» **Exercise brief**: Pictures are to be omitted; everything else in the data must be transcribed exactly.

** Available data follows **

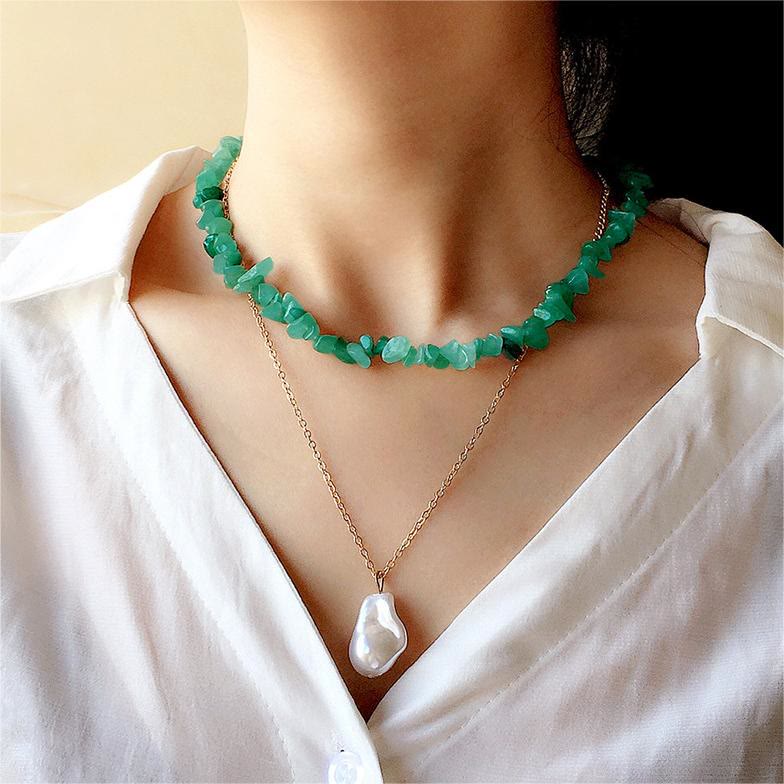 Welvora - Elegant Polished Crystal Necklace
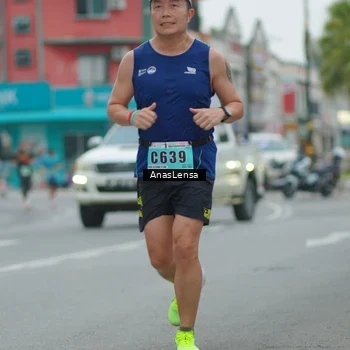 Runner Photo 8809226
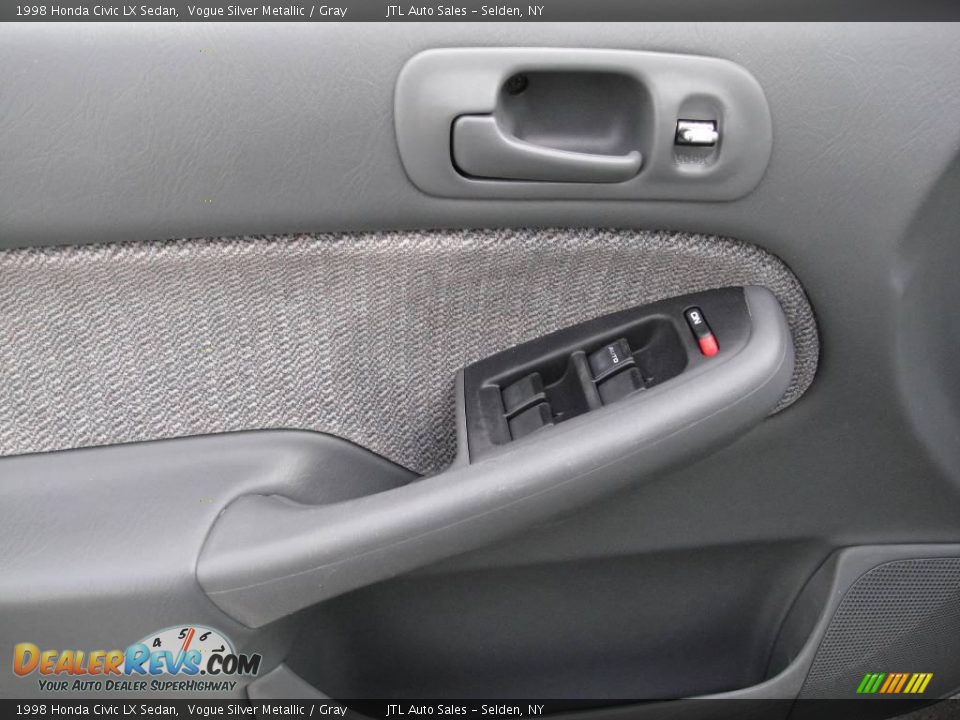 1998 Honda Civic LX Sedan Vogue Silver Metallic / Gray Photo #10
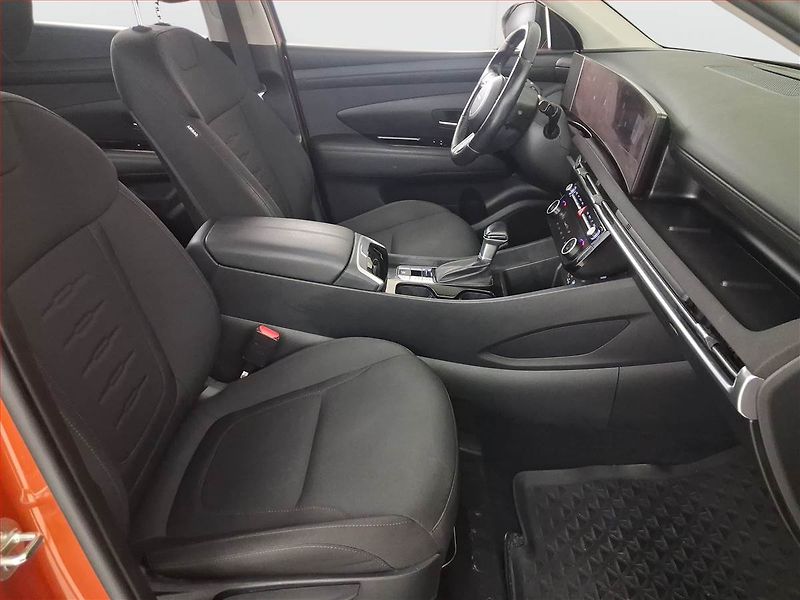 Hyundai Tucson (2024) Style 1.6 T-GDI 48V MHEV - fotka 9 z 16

** End of Available data **

» **Your solution**:
 Welvora - Elegant Polished Crystal Necklace
 Runner Photo 8809226
 1998 Honda Civic LX Sedan Vogue Silver Metallic / Gray Photo #10
 Hyundai Tucson (2024) Style 1.6 T-GDI 48V MHEV - fotka 9 z 16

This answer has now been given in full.